Selon l'étude américaine, environ une personne sur 500 admises dans les hôpitaux américains chaque année souffre d'une complication qui s'avérera mortelle. On y note aussi qu'environ 10 % des erreurs médicales entraînant un décès hospitalier sont imputables à des erreurs de médication (sans tenir compte toutefois de toutes les hospitalisations elles-mêmes imputables aux interactions médicamenteuses évitables).


Cela est-il réaliste? Évidemment, le rapport a suscité une controverse. Toutefois, sans entrer dans tous les détails de l'étude, l'ordre de grandeur peut sembler malheureusement conforme à la réalité.


Mais, peut-on comparer le système de santé québécois aux systèmes des États-Unis, de Grande-Bretagne ou d'Australie? Bien sûr! On parle ici de systèmes de santé de sociétés parmi les plus développées et donc éminemment comparables.


Il ne faut pas se leurrer. Ces études montrent, entre autres, que les erreurs de médication sont responsables d'une grande partie de ces décès. Or, que sait-on au Québec de cette problématique? Encore peu de choses sauf que, une étude épidémiologique réalisée par le Dr Tamblyn de l'Université McGill démontre qu'une prescription médicamenteuse sur trois, dans la grande région de Montréal, est faite par un médecin qui voit le patient pour la première fois! Risques d'erreurs? On serait évidemment porté à le croire d'autant plus aisément quand on connaît la désorganisation du partage d'informations entre les différents acteurs du réseau de la santé.


Que faire? D'abord quantifier le problème. Aux États-Unis, le Congrès a instauré le «National Center for Patient Safety» dont le mandat est de circonscrire le problème et de trouver des solutions pour réduire de 50 % d'ici cinq ans ce problème de santé publique. Cela se fera notamment via une banque de données centralisée accessible de façon sécuritaire par Internet. On est loin des atermoiements du gouvernement du Québec devant la Commission d'accès à l'information qui s'oppose à toute banque de données centralisée!... Et après, on blâmera le secret médical!É


Le ministre Legault semble vouloir aller de l'avant. Son gouvernement en aura-t-il le courage politique? En arrivera-t-on à penser que le droit à la vie prime sur le droit à la vie privée? Rien n'est moins sûr quand on voit le débat autour de la carte-santé qui permettrait notamment de circonscrire et limiter ces erreurs, surtout en ce qui concerne la morbidité médicamenteuse.

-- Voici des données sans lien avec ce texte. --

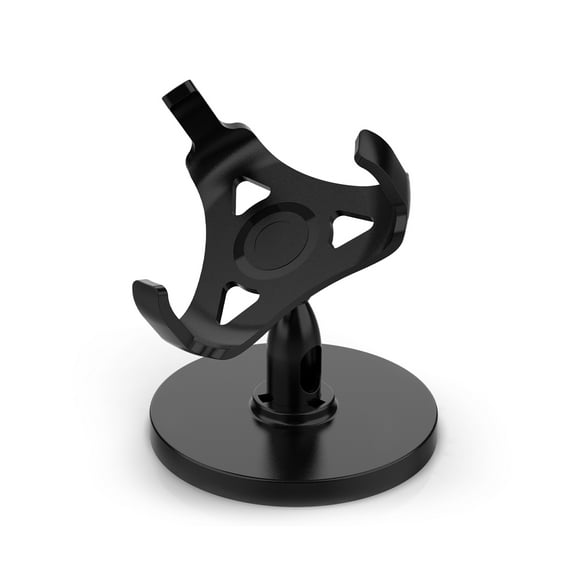 Mistaha Adjustable Desktop Stand for Echo Dot 3rd Gen Smart Speaker - Black 360° Rotation Anti-slip Holder for Smart Home Speaker Accessories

Que la Commission d'accès à l'information souffre de myopie intellectuelle et de manque de jugement dans un domaine qui, somme toute, n'est pas le sien, c'est affligeant mais compréhensible. Ce qui l'est moins, c'est le discours oiseux et saugrenu de certains acteurs du réseau qui s'y opposent sous prétexte que, dans un environnement budgétaire limité, cela serait faire mauvaise utilisation des fonds publics!


Outre l'intérêt de monnayer un droit de veto, ce discours est farfelu car les économies récurrentes du système de santé compenseront largement l'investissement projeté tout en faisant l'économie d'une souffrance humaine considérable.


Cependant, il faudra aussi mettre en place une réforme en profondeur de notre façon de faire car, et c'est là une des plus grandes contributions des études sur la question, les erreurs médicales sont portées par un système désorganisé et ne sont surtout pas le fait des seuls praticiens.


Parmi les pistes prometteuses, il y aurait l'obligation de rapport d'incidents, l'instauration d'un système no-fault de responsabilité médicale ou institutionnelle, un travail coopératif par partage efficace de l'information et un meilleur encadrement de la formation continue.


Il est à espérer que comme société nous aurons le courage de nous en donner les moyens.